Diversity is strength of Dubai hospitals, study shows

A survey by 66 hospital wards in Dubai showed that a 'moderate degree' of diversity was good.

Left, Ahmad Sabbah, a nurse manager, and Jose Salmon, a critical care specialist, in Rashid Hospital in Dubai. The study found that diversity is a positive in the workplace. Alex Atack for The National.
Powered by automated translation

DUBAI // The staffing in Dubai hospitals is typical of many workplaces in the country, with many nationalities, faiths and languages spoken.

Now the secret to that diversity – and the strengths and challenges that it brings – is set out in a study.

Focused on healthcare, the study used data about the proportion of medical personnel in hospital teams in Dubai that were Muslim or non-Muslim, Emirati or non-Emirati.

The conclusion? Diversity is undoubtedly good, but at high levels it can raise challenges that need to be managed.

To understand how these ­potential influences played out, surveys were completed by 66 hospital wards, 49 of them medical wards and the other 17 surgical wards, at Dubai Hospital, Latifa Hospital and Rashid Hospital, home to one of the country’s largest trauma wards.

One of the researchers, Dr Carmela Di Mauro, an associate professor in business engineering at the University of Catania in Italy, said that a “moderate degree” of diversity was found to be good, but that the data indicated that “things become more difficult” as it continues to increase, up to the maximum diversity of 50 per cent of one group and 50 per cent of another.

“The reason why intuitively this high degree of diversity doesn’t work, is because these two groups might become confrontational if two equal size sub-groups form within the team. It’s not beneficial to performance or decision-making,” Dr Di Mauro said.

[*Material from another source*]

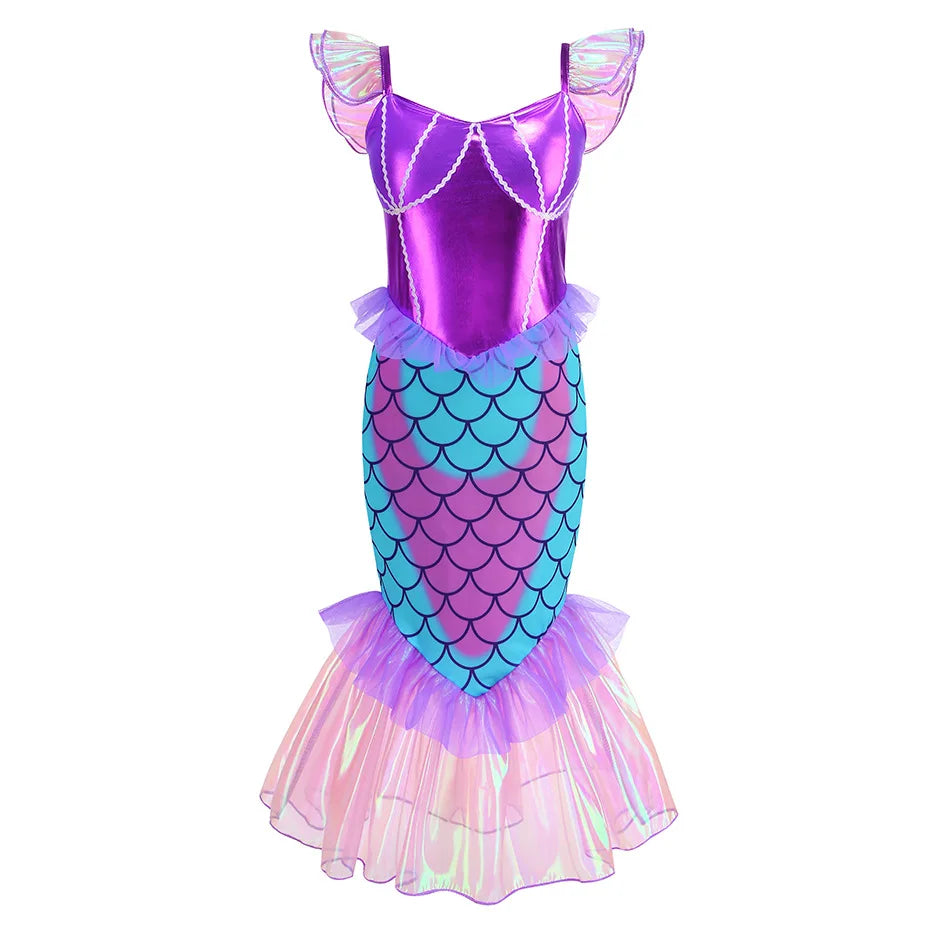 New Blue Red Purple Three Colors Mermaid Flying Sleeve Fishtail Beautiful Dress For Girl Summer Beach Party Cool Gown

That said, Dr Di Mauro explained that it is equally beneficial to have a team made up of one group – say group A – constituting 25 per cent, with the other – group B – constituting fully 75 per cent, or vice versa.

“In both cases, the addition of new cultural values, mindsets and points of view contributes to more effective decision-making.”

The authors of the study said an individual’s religion or nationality could affect their attitude to work-related issues such as the role that gender plays, in that it can influence how individuals behave or what they wear, especially in relation to religious festivals.

It can also underpin important values, such as the extent to which they hold a work ethic. In medicine it may also correlate with differences in training and clinical practice.

The aim of the surveys was to discover the relationship ­between religious and cultural diversity and efficiency.

A ward’s efficiency was calculated using three inputs (the number of beds, doctors and nurses) and three outputs (the number of inpatient surgery discharges, inpatient non-surgery discharges and outpatients). From these a mathematical model produced a numeric value for efficiency.

Also from the surveys, a numeric value for religious diversity and for diversity in nationality was computed, before a regression analysis – a statistical method for determining the relationship between two variables – was carried out.

The relationship between the hospital teams’ religious diversity and their efficiency, when plotted on a graph, produced an inverted U-shape. This means that team efficiency was relatively low when diversity was low, but grew as diversity increased, peaking at a medium level of religious ­diversity, before falling as diversity continued to rise.

This finding tied in, Dr Di Mauro said, with work carried out in other employment sectors.

The effect tended to be stronger for surgical than for non-surgical teams, probably because the surgical teams carry out more complex tasks.

“The recommendation we give in the article is if you can avoid having that kind of diversity of creating two sub-groups who may become confrontational inside the team, avoid it. It’s a recommendation for hospital managers or medical speciality managers,” she said.

“Sometimes it cannot be avoided. In that case the way is conflict management; you have to be a very good conflict manager to mitigate the negative ­effects of that.”

Entitled, Does Religious Diversity in Health Team Composition Affect Efficiency? Evidence from Dubai, the study was published in the British Journal of Management.

Another of the authors was Dr Ali Ayach, a research fellow at the University of Rome Tor Vergata in Italy, who until 2014 worked for Dubai Health Authority as a consulting manager.

The other authors were Dr Alessandro Ancarani, Dr ­Simone Gitto and Dr Paolo Mancuso, all affiliated to the University of Catania or the University of Rome Tor Vergata.

Dr Ayach, who has since left DHA and now works in the private sector, said the message from the research was that healthcare managers should not look only to technology to improve efficiency, but should adopt a “people-centred” ­approach.

“Furthermore, a proper standardisation of the medical practice is crucial in this case; such a standardisation may be reached through the introduction of new policies,” he said.

Although the research found challenges associated with high diversity levels, Dr Di Mauro said that the study was not ­arguing against having a diverse workplace.

“What we try to argue is that multiculturalism is good, but you have to manage it; you cannot let it go freely because you might run into problems. But, in principle, it’s a great thing,” she said.